I'm reading the New York Times article about the likely political fallout from the Supreme Court's health care decision, and, well, this doesn't make any sense to me:

If the Supreme Court strikes down the health care law, Republicans hope to make it a prominent element of their effort to deny him a second term.

"It would be a tremendous validation," Gov. Bob McDonnell of Virginia, a Republican, said in an interview. "A victory in court would say that a trend toward big government solutions out of Washington has a limit and the biggest accomplishment of the Obama administration is unconstitutional."

Really? I think that would take the issue completely off the table for the GOP as a base motivator -- which would be tremendously harmful to the chances of Mitt Romney and all the down-ballot Republicans. They party has got base voters worked up to the point that they're not only furious about the health care law, they're convinced that it's the heart and soul of everything that's evil about the Obama administration. If crazy-base voters see total victory in the Supreme Court, aren't they going to let their guard down a bit? Won't they be less motivated to vote GOP, thus risking not only an Obama reelection but gains for Democrats in the Senate and House?

Of course, I don't think the GOP's overlords need to worry about that, because three days of oral arguments seem to have teed this up about as well as possible for the GOP -- my hunch is that there'll be the obvious four votes to overturn the whole law, plus a fifth (Kennedy) to get rid of the individual mandate but leave part of the law standing. And I think that's what we'll get: the law left gutted and bleeding, accompanied by the clear message -- in the heat of a presidential campaign -- that the movement-conservative bloc on the Court could have overturned the law if it'd had ONE MORE VOTE WINK WINK WINK....

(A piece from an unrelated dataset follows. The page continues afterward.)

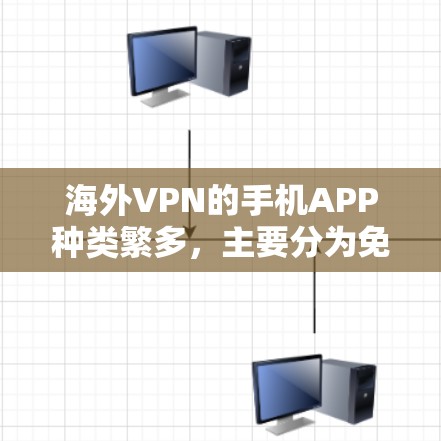 海外VPN的手机APP种类繁多，主要分为免费版和付费版，根据用户的需求和隐私保护的级别不同，选择合适的VPN服务非常重要。以下是一些常见的海外VPNAPP推荐，供你参考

Now, needless to say, Romney is a less-than-ideal guy to take this handoff from the Supremes. I don't think this will be enough to get him elected, because people don't like him. But if you're a Koch brother, and Romney is looking as if he'll have negative coattails as it is, do you really want to depress turnout even more?

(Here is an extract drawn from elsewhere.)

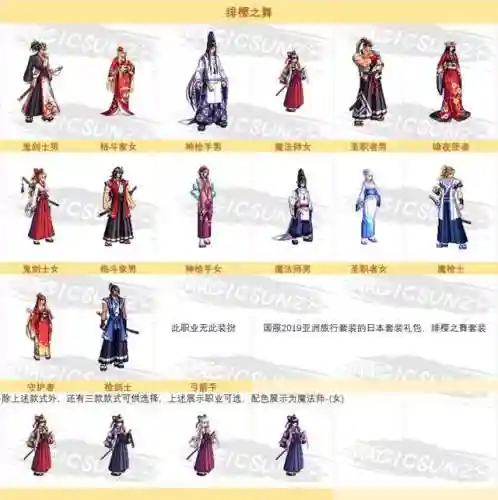 dnf奇迹缝纫机活动(dnf活动大全)插图14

I could be reading this wrong -- maybe the overlords want total victory whenever it appears to be within their grasp, regardless of the long-term consequences. But I think they may recognize that a gutted law is as effectively dead as an overturned law -- except it's undead, which means the Obama administration and congressional Democrats will hope to salvage what they can from it.

And the effort to do that will keep the wingnut voter base angry indefinitely, which would make this a base motivator for years to come. Health care reform could be like abortion or gun control: the right gets more out of not achieving total victory than it would out of winning altogether. There's always a new way to restrict abortion or broaden access to guns. The enemy always needs to be defeated. So I think the Supremes will just completely neuter the law, after which GOP pols will declare that it's still an existential threat to freedom!


pstanley88 said...

You've become too negative in your prognosticating Steve.

Telling your readers that those evil Republicans will win every battle but lose the war is depressing. And it hasn't exactly been true since the end of the Debt Ceiling Debacle.

Steve M. said...

Oh, sorry -- I guess I should have predicted ... oh, say, that the individual mandate would be affirmed 7-2, with Scalia writing the majority opinion, like every Beltway insider, instead of accurately predicting that the Supreme Court had gone irreversibly wingnut. Hey, why be right when you can be cheerful?

pstanley88 said...

I guess I'm saying I want some added value into why you are so negative. Write about the limits of the Commerce Clause historically, write about Justice Kennedy's penchant for disappointing liberals (Citizen's United, Heller, to name recent ones), write about the administration's views on severing the individual mandate, or write about anything new.

I just got a little sick of reading over and over that the Fab Five are going to screw me over (as a 24 year old with insurance only b/c of the ACA and a host of preexisting conditions) and that there is no more to be said or done about it. Apologies if I offended you.

Steve M. said...

There's plenty to be done about it. But in order to get it done, people who are activists have to persuade people who aren't activists, and who currently can't conceive of becoming activists, that they need to get involved, or at least get angry at the right people.